Video: Afghan 'Little Messi' gets jersey from Barca star

Murtaza Ahmadi wearing the autographed jersey sent by Lionel Messi. (Photo courtsey Unicef)

Published
By Agencies

Argentine football star Lionel Messi has sent not one, but two jerseys to the five-year-old Afghan boy who became an Internet sensation last month when he was pictured wearing a plastic bag with "Messi" scrawled on it in marker pen.

Murtaza Ahmadi travelled with his family from eastern Ghazni province to Kabul to receive the gifts sent by Messi through UNICEF, where he is a goodwill ambassador.

"Murtaza couldn't stop smiling. He kept repeating: I love Messi," UNICEF Afghanistan spokesman Denise Shepherd-Johnson told AFP.

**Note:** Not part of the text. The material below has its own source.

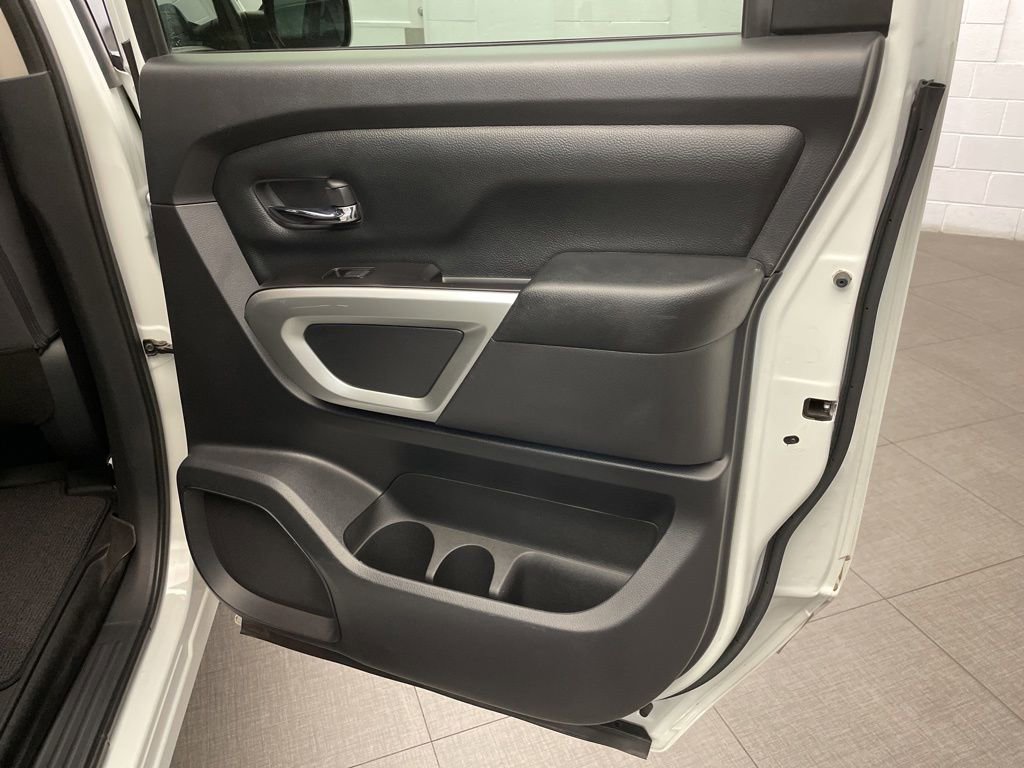 Used 2021 Nissan Titan SV w/ SV Convenience Package RWD image 28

“I love Messi and my shirt says Messi loves me,” BBC quoted Murtaza as saying.

Messi autographed the jerseys, writing "With much love" in Spanish on them, and added a football to the treasure trove, UNICEF said.

Purchasing a Messi jersey was beyond the means of Murtaza's poor family, members of the persecuted ethnic Hazara minority living in volatile Ghazni, near Kabul.

His elder brother Homayoun, 15, improvised the blue-and-white-striped plastic shirt with Messi's name scrawled in black marker, and posted the photos of Murtaza wearing it on Facebook in mid-January.

The image touched a chord with football fans around the world, and earned Murtaza the sobriquet "little Messi" on social media.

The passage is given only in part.